Google Translate

It already speaks 57 languages as well as a 10-year-old. How good can it get?

Will Google’s computers understand languages better than humans?

Photograph by Karen Bleier/AFP/Getty Images.

A computer that translates “natural language” is the holy grail of artificial intelligence—language being so integral to our intelligence and to our humanness that to crack it would be to achieve artificial consciousness itself. But until relatively recently, attempts at it have mostly sucked. They’ve tended to mix the words of one language with the grammar of the other, getting both wrong in the process. Mostly, this is the fault of literal translation—the kind of process that translates kindergarten as children garden. Newer methods—dominated by Google—turn the problem around: Using data, statistics, and brute force, they succeed in part by their refusal to “deconstruct” language and teach meaning to computers in the traditional way.

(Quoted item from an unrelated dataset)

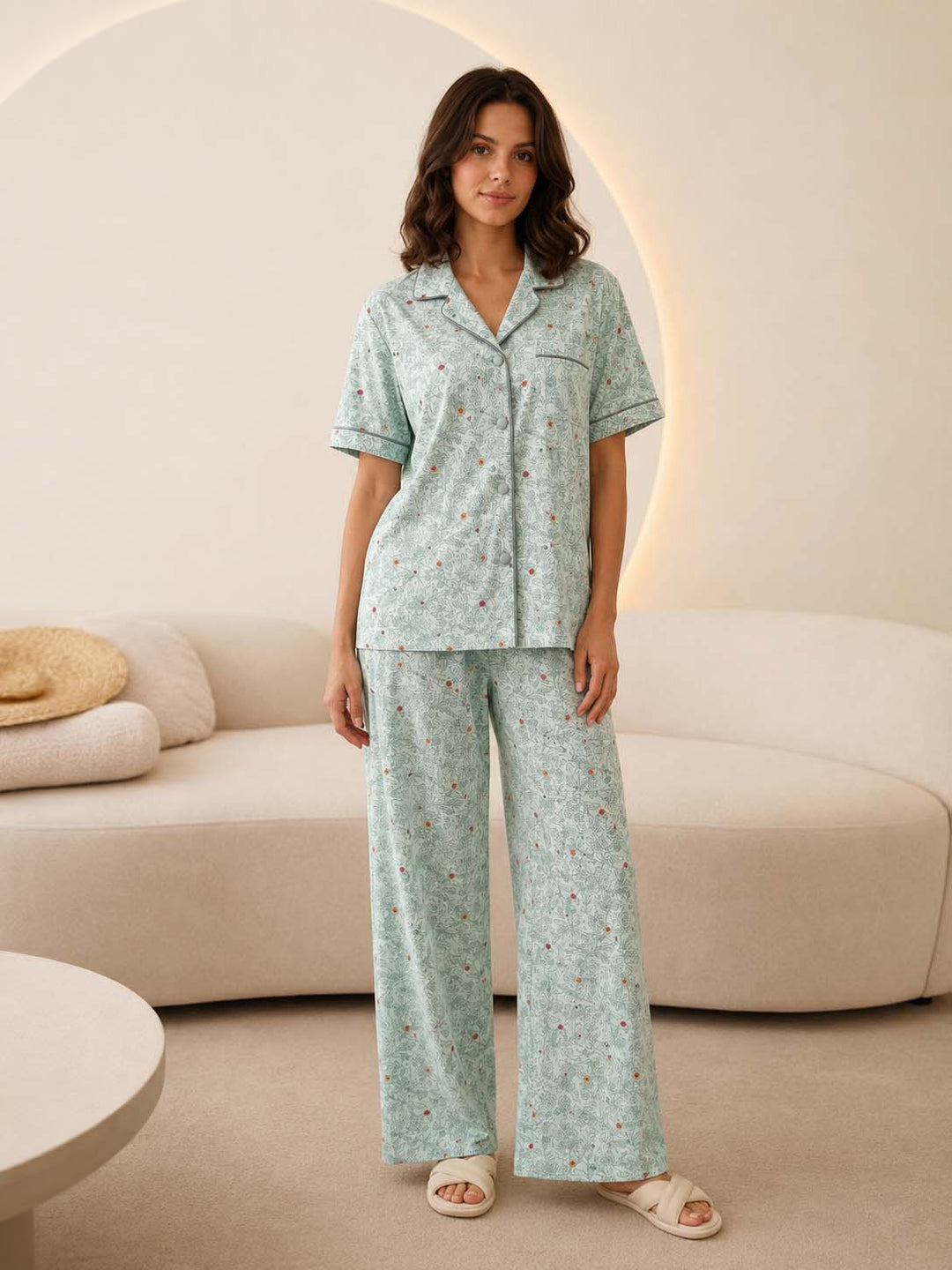 Mint Paisley Short Sleeve Pajama Set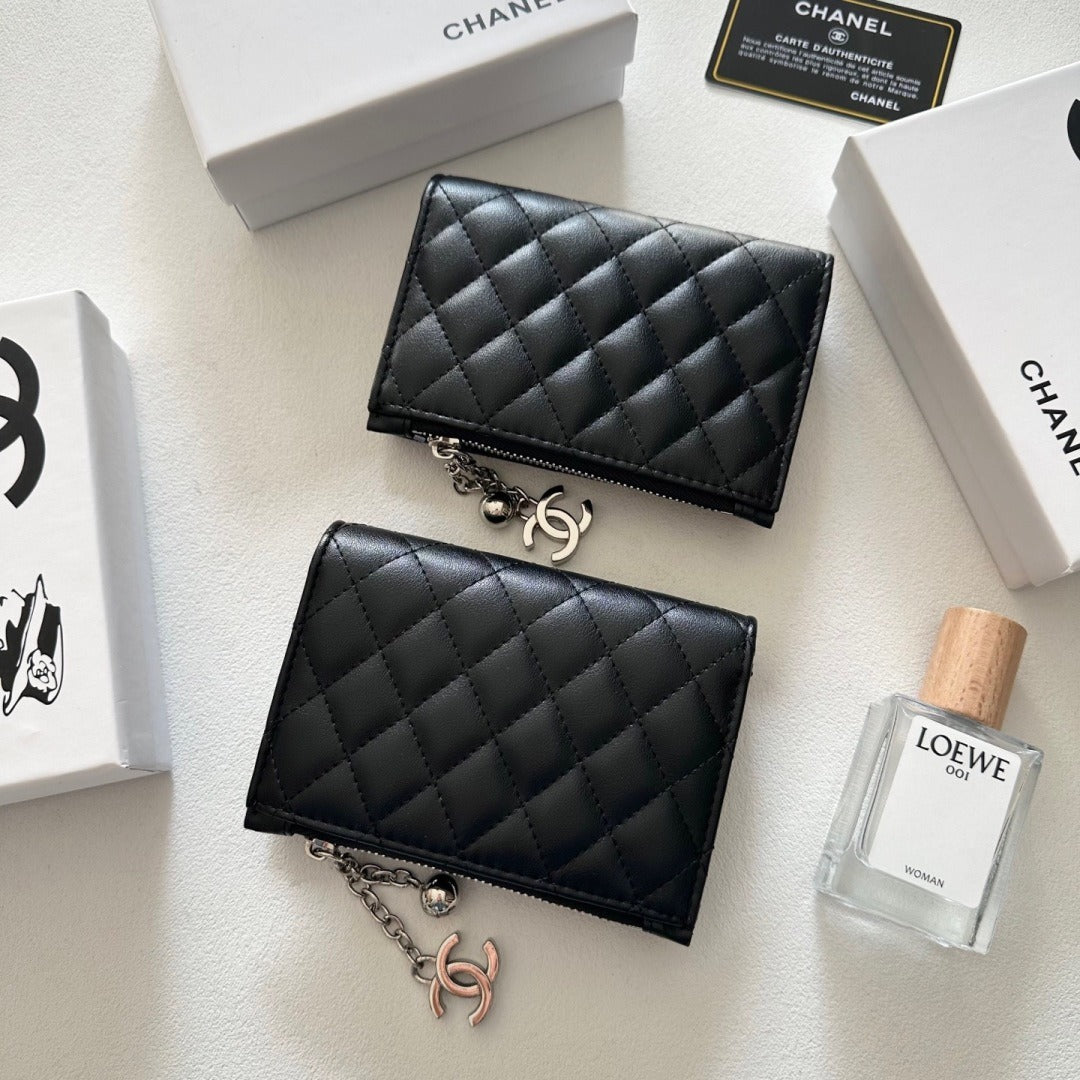 Chanel Black Lambskin Leather Wallet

Google is grossly outperforming the rule-based methods that have historically been used to teach language to computers. These classic methods work on the principle that language can be decoded, stripped to its purest component parts of “meaning,” and built back up again into another language. Linguists feed computers vocabularies, grammars, and endless rules about sentence structure—but language isn’t so easily formalized this way. There are more exceptions, qualifications, and ambiguities than rules and laws to follow. And, when you really think about it, this approach hardly respects the complexity of the problem.

Enter Google Translate—Google didn’t invent this method but they’re certainly dominating it now—which avoids that reductive concept of language altogether. Google mines existing translated material, recognizes how words or phrases typically correspond, and uses probability to deliver the best match based on context. Being Google, its digital Rosetta Stone amounts to trillions of words, from a corpus of U.N. documentation (in its six official languages, translated at high quality) to company memos to Harry Potter novels. Although Google builds a “language model” that describes the basic look of a well-formed sentence, it doesn’t have linguists try to decode the languages at all. Wittgenstein’s maxim of “Don’t ask for the meaning, ask for the use” is an effective working mantra for Google’s statistical method.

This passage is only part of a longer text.